Let me put all my cards on the table here. I like guns. I'm a registered hunter safety instructor for the Virginia Department of Game and Inland Fisheries. I find a lot of gun control legislation to be counterproductive and useless and I don't want to see responsible people disarmed in our society.
But if you bring an AR-15 into a grocery store just because you can, or if you wander around the streets of a major US city with your rifle slung across your back to "demonstrate your 2nd Amendment rights," or if you feel that it's appropriate to bring a gun into a department store because there's no law saying you can't, you're not a responsible gun owner. You're making the rest of us look bad.
You're not helping.
Firearms are tools and like any tool they have an appropriate time and place. When we see someone carrying a chain-saw in a Lowe's or a Home Depot no one thinks twice; when they're in a Whole Foods it's national news, not just because it's frightening but because, no matter how safe and well trained you are, there's always the possibility of a mistake.

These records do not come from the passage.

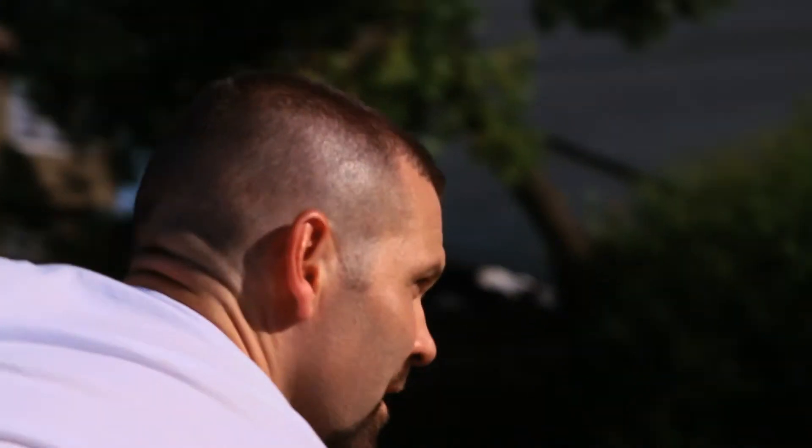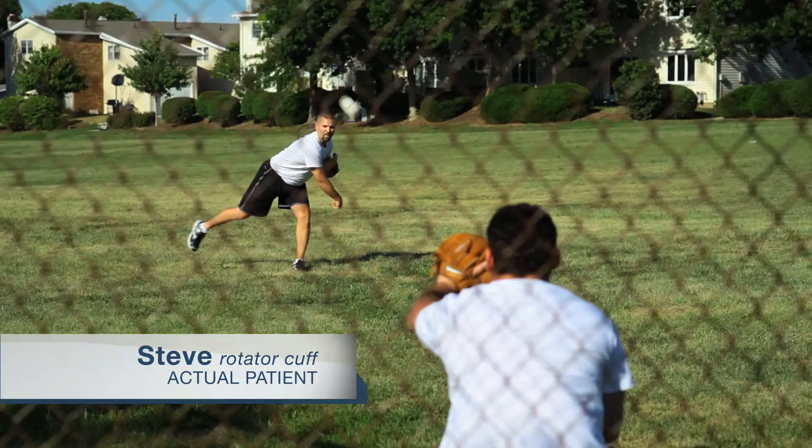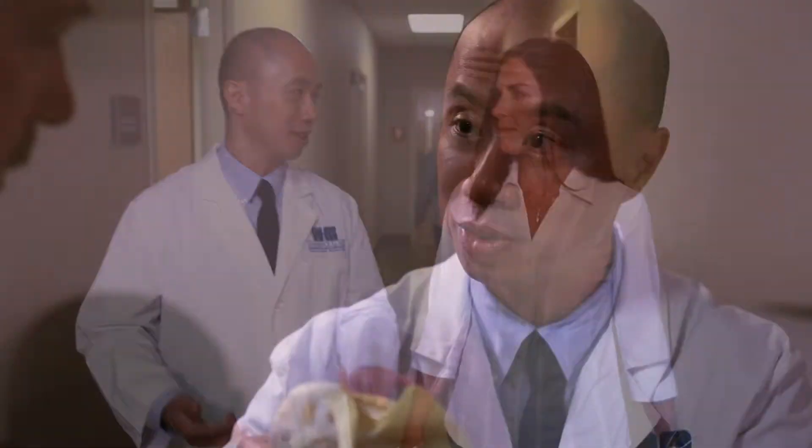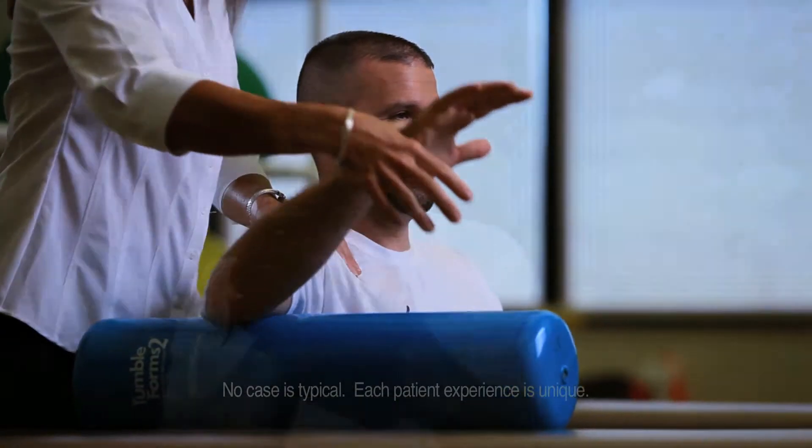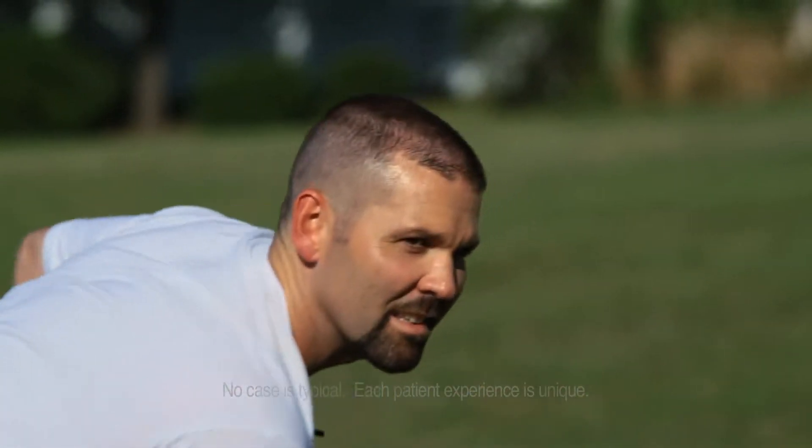It was brutal to not be able to pitch like I used to. I was in a lot of pain and needed to get on with my life. I met with Dr. Lee and his staff, and an MRI showed tears in my rotator cuff. After a minimally invasive procedure, I was able to throw again with no pain. I feel my recovery was fast, especially for my age. Now I can pitch a baseball at the same speed as when I was semi-pro.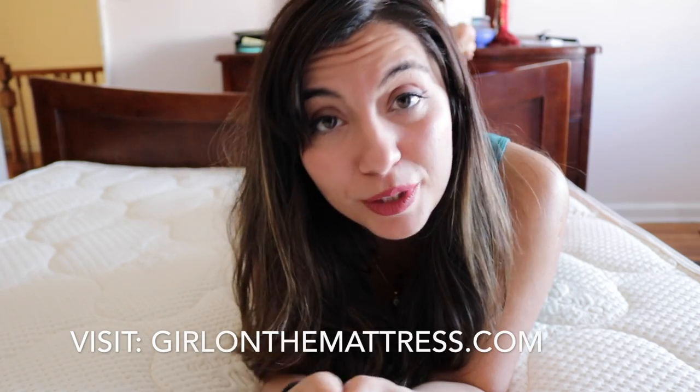I can give a very high rating for the value of this mattress. Now it's your turn — how do you feel about latex mattresses? Did you ever try the Spindle? How did you like it? Please join the conversation in the comments below, and my complete review is on my site GirlOnTheMattress.com.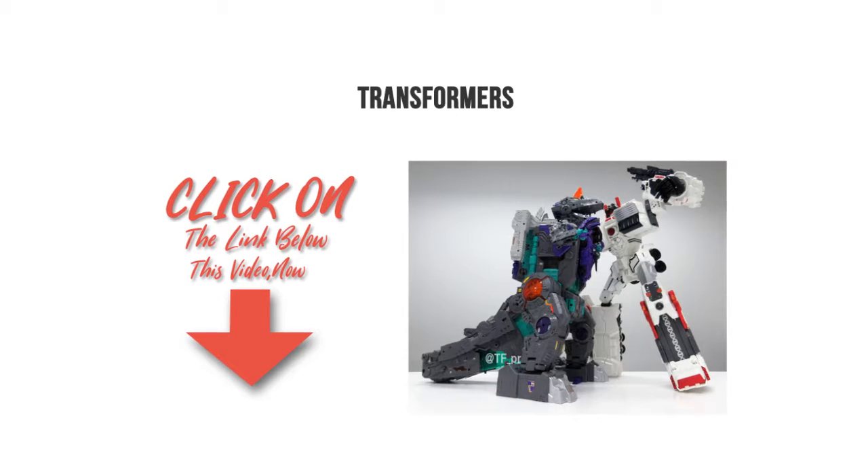Thanks for checking out our review. To find out more about this product, click on the link below this video now.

Imagine, for a moment, the direction the firearms regulation discussion would take, in this country, should one of these 2nd Amendment Demonstrators accidentally kill someone in the course of such an exhibition. It could happen. Well trained or not, we are all human; we can all make mistakes and all it takes with a firearm is one.
Knowing when and where it is appropriate to carry and display a firearm is every bit as much a part of ethical and responsible gun use as knowing how to properly handle, operate, and secure your firearm.
When an armed man walks into a public area people panic. The police are called (and they have to respond) and it is a testament to their own professionalism that, thus far, none of these ill considered political protests have turned into something more violent. While it might be tempting to imagine these gun-owners in the tradition of Rosa Parks and Martin Luther King -- nonviolently protesting the injustice of firearms stigma -- the view from the outside is very different. Rather than a peaceful man suffering needlessly at the hands of an unjust government, bystanders see police protecting them from a gun-toting madman.
There could literally be no better argument for aggressive gun control.